Artistry

credit: Joan Mitchell Foundation

Art and artistry. Thank the gods and goddesses for blessing us so. Can’t imagine life without it.

So many problems in this world of ours. Nothing but bad news. Gloom and doom. A global pandemic. Government everywhere in crisis. One American political party in the grip of a madman. The other in a maelstrom of identity politics. The browning of Mother Earth. Serious talk of a second civil war in the U.S. The chasm between the haves and have-nots ever widening. Wow! Where to turn when it all becomes unbearable?

Let’s talk about art. Why? Because it’s uplifting, the place where our spirit soars, where we sense our common humanity, and feel our differences shrink away to insignificance. Art is that experience which opens our eyes and lets us see in ways we’ve never seen before. It attunes our ears to an entire world of harmonic sound, our feelings to a palette of sensations, our taste to savory delights unimagined until that crystalline moment of clarity comes to us and we are made new by the encounter. It gives us a glimpse of what is possible.

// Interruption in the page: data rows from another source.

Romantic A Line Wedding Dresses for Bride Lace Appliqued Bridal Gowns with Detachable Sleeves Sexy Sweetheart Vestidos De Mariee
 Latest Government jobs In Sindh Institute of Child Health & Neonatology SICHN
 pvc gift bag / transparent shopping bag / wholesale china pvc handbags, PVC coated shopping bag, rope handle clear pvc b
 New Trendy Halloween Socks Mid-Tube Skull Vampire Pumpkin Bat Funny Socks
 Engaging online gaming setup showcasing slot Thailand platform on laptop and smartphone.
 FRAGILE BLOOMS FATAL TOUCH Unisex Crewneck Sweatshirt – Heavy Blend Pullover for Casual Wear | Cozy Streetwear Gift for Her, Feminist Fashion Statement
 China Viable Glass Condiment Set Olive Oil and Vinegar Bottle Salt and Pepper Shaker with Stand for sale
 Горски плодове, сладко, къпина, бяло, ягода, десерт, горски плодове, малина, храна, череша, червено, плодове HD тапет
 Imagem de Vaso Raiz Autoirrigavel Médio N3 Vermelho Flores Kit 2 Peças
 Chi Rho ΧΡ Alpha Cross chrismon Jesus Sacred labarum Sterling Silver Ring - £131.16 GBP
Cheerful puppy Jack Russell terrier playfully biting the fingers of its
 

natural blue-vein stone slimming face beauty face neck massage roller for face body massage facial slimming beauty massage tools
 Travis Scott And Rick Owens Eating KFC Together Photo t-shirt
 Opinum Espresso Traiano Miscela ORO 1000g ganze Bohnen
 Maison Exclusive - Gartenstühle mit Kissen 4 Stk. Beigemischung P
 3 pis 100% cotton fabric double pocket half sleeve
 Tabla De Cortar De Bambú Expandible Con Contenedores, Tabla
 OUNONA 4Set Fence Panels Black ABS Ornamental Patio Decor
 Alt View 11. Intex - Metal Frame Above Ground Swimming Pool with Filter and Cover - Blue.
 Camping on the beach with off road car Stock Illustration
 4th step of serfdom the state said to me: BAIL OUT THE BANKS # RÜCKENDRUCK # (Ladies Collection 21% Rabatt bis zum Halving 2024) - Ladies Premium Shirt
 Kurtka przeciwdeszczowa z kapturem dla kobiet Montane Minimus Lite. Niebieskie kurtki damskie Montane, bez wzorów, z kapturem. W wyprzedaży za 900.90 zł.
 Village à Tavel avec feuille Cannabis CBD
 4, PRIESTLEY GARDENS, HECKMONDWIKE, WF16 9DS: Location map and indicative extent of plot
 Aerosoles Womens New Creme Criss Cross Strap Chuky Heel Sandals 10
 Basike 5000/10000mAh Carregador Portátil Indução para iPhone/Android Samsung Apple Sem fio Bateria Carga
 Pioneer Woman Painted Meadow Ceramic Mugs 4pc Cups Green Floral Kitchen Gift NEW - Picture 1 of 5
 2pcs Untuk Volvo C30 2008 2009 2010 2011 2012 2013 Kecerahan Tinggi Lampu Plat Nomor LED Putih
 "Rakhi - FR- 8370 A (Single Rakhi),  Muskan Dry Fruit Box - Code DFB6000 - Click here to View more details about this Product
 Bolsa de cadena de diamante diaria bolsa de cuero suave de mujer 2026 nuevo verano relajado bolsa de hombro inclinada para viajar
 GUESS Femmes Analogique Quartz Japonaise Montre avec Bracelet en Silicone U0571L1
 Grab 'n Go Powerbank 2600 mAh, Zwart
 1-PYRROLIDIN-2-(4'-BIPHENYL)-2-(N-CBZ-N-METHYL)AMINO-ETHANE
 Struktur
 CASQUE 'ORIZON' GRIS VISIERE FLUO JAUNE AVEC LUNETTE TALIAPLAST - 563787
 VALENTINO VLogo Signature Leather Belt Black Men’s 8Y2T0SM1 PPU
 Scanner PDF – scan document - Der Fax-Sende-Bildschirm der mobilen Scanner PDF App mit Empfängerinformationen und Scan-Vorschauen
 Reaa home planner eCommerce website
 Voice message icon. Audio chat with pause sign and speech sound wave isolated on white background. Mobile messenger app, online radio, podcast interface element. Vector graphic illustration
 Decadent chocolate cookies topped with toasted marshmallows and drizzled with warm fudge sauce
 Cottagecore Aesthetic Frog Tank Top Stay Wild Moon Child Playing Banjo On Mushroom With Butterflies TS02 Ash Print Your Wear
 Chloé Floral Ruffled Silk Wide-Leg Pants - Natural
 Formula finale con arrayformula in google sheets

credit: jingo Choi for Unsplash

I love talking about art, the world of ideas and inspiration, those places where we come face to face with what is rare and fine in our collective human endeavor. It’s not that it takes my mind off the world’s problems; rather, it reminds me to reach for the big picture and see that world of hurt in perspective. Mostly, it shows me what we’re capable of accomplishing and suggests there are solutions pending if we are willing to pursue them.

My first recollection of that sense of astonishment was going to a drive-in theater with my family when I was five to see “The Greatest Show On Earth.” Despite the title it was nowhere near, but for one’s first motion picture and first encounter with the circus, it was eye-opening. A modest dose of art that carried a wallop.

There was a series of performances for a number of years in Denver when I was young called the Rocky Mountain News Show Wagon that presented variety acts in city parks during the summer. At one, I fell in love with a comely young woman maybe twice my age. When I told my mother about her extraordinary beauty, she said, “Jimmy, it’s called makeup.” Art and illusion. I guess the message was to look closer before deciding.

credit: coloradoencyclopedia.org

At 14, my girl friend’s stepfather was a sophisticated businessman who loved the arts and took me to La Bohème at the Central City Opera House. What a mind-blowing experience! The ante was raised and my hunger for more was growing.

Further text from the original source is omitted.